RANKIN COUNTY, Miss. — A federal judge on Thursday sentenced the fifth and a sixth former Mississippi law enforcement officers for breaking into a home last year and torturing two Black men as part of a group of white officers who called themselves the “Goon Squad.”
U.S. District Judge Tom Lee sentenced former Rankin County Sheriff’s Office chief investigator Brett McAlpin, 53, to serve more than 27 years in prison, The Associated Press reported. Later Thursday, Lee sentenced former Richland police Offer Joshua Hartfield, 32, to about 10 years in prison, according to the news agency.
Four other officers were earlier sentenced for the January 2023 attack on Michael Corey Jenkins and Eddie Terrell Parker.
Hartfield sentenced to about 10 years in prison
Update 12:45 p.m. EDT March 21: Prosecutors said former RCSO narcotics investigator Christian Lee Dedmon brought Hartfield to the home where Jenkins and Parker were staying in January 2023. Hartfield kicked open a back door to get inside, though neither him nor any of the other officers had a warrant, officials said.
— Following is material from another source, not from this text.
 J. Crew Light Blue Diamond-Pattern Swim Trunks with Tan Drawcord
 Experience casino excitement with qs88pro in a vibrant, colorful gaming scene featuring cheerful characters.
Hartfield used his stun gun on Jenkins and Parker repeatedly and helped to hide evidence of the attack, court records show. He took the hard drive from the home’s surveillance system and later threw it into the Steen Creek in Florence, officials said.
Earlier Thursday, Lee sentenced McAlpin to more than 27 years in prison for his role in the attack.
Original report: McAlpin did not look at the victims, identified as Michael Corey Jenkins and Eddie Terrell Parker, as he appeared in court on Thursday and offered an apology, CNN reported.
“Eddie Parker and Michael Jenkins, I want you to know I’m sorry for what you went through,” he said, according to the news station.
“I’m sorry to your families because I have three boys and I know I would feel the very same, no different than you did, for what happened to Michael and Eddie. What happened was wrong.”
Court records show McAlpin was the chief investigator with the Rankin County Sheriff’s Office on Jan. 24, 2023, when a white neighbor complained to him about Black men who were staying at a home in Braxton. He contacted then-RCSO narcotics investigator Christian Lee Dedmon, 29, and told him “to take care of it,” prosecutors said. Dedmon then reached out to a group of officers who went by the “Goon Squad” because of their willingness to use excessive force and not to report it.
That night, McAlpin, Dedmon, Hartfield and three other officers burst into the home without a warrant and tortured Jenkins and Parker with stun guns, a sex toy and other objects, court records show. They used racial slurs through the attack and kept the pair handcuffed for most of the attack.
Court records show McAlpin and another officer, Lt. Jeffrey Arwood Middleton — the leader of the Goon Squad — stole rubber mats from the home. Prosecutor said he planned to grab a Class A military uniform too, but he was distracted when he heard two gunshots coming from another room. RCSO patrol Deputy Hunter Thomas Elward had intended to carry out a pair of mock executions and stuck his gun in Jenkins’ mouth, court records show. The second time, the gun fired, lacerating Jenkins’ tongue and breaking his jaw.
As Jenkins was bleeding on the ground, the officers got together to settle on a cover story, later planting evidence that would prompt false charges against their victims for months.
The officers pleaded guilty to federal charges last summer.
On Wednesday, Lee sentenced former RCSO patrol Deputy Daniel Ready Opdyke, 28, to 17.5 years in prison for his role in the attack. He also handed down a 40-year sentence for Dedmon.
One day earlier, Lee sentenced Elward to 20 years in prison and gave Middleton a sentence of 17.5 years.